The only problem I have ever seen mentioned regarding the Apple M-series SSDs was at launch of the M1 Macs in 2020 where the SSD's SMART attributes were reporting an extremely high number of writes. Some speculated it was due to an incorrect reporting of the SSD, incorrect interpretation by the drive health monitoring apps, or from an issue with the GPU excessively writing to the SSD. It seems that issue was quietly resolved by Apple so we have no clue of the cause. Except for some M-series Macs containing just a single NAND chip for the SSD, I have not seen any other reported issues.

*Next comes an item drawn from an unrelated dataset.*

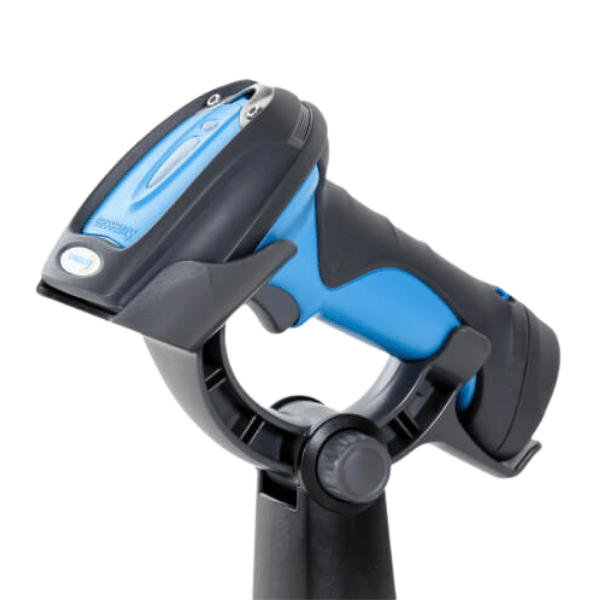 The Extronics iSCAN211 Series Zone 1 Handheld Bluetooth Barcode Scanner, featuring a black and blue design, is mounted on a stand against a white background.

In my own personal experience supporting thousands of my organization's computers (mostly Macs), I have rarely encountered an SSD failure due to excessive writes. My organization has a handful of SSDs in systems with extremely high writes and only failed after reaching PBs of writes. The majority of SSD failures I've encountered (99%) have been due to other hardware issues with the SSDs usually involving issues with their built-in controllers which can suddenly fail with little or no notice. Here is an excellent article series from around 2013 where a group performed 24x7 stress test on some SSDs and ran them until they failed completely....it took several years and how the SSDs behaved during that time is interesting:
https://techreport.com/review/the-ssd-endurance-experiment-theyre-all-dead/
Apple has generally used higher quality NAND in their SSDs (usually from Samsung).
Having said all this, if you are using an excessive amount of Swap, then you most likely under spec'd your system memory for your current workloads. Fortunately the internal SSD is very fast so performance issues are less noticeable with Swap, but you do pay for it by wearing the SSD down sooner than if you were not using excessive amounts of Swap. Chances are the SSD will work into the PBs of writes.